How does the data below read from its first line through the line containing "Paperclip Chain Necklace"? Print those lines exactly.

--- DATA FOR REVIEW Enclosed Below ---

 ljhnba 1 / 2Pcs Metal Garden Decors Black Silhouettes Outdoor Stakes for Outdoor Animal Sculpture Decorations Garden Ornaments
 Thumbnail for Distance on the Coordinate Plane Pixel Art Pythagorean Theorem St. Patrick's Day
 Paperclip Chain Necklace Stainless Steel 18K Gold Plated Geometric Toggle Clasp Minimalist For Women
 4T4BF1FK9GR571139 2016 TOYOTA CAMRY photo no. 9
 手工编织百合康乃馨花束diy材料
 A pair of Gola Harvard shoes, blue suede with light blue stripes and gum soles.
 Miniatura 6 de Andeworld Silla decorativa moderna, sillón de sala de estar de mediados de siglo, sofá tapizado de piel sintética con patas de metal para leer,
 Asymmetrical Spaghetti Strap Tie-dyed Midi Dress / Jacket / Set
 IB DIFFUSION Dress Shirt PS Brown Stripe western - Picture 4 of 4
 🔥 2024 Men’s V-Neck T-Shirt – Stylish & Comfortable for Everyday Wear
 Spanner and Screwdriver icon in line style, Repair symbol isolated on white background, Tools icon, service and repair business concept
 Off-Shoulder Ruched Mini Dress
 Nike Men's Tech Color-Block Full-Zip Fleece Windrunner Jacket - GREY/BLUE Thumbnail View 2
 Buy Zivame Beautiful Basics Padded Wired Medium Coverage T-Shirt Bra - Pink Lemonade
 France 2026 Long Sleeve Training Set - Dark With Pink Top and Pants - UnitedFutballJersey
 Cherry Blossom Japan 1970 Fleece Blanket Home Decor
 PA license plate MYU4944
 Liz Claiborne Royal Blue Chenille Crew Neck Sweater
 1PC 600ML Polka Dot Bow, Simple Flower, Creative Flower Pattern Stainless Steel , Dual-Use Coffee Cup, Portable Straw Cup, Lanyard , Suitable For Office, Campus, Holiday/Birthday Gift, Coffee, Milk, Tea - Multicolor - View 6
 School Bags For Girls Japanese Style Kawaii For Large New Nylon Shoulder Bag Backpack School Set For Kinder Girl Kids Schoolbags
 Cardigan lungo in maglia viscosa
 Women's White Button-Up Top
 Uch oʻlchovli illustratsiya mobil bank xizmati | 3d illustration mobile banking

--- End of Enclosed DATA FOR REVIEW ---

■ ANSWER BOX:
 ljhnba 1 / 2Pcs Metal Garden Decors Black Silhouettes Outdoor Stakes for Outdoor Animal Sculpture Decorations Garden Ornaments
 Thumbnail for Distance on the Coordinate Plane Pixel Art Pythagorean Theorem St. Patrick's Day
 Paperclip Chain Necklace Stainless Steel 18K Gold Plated Geometric Toggle Clasp Minimalist For Women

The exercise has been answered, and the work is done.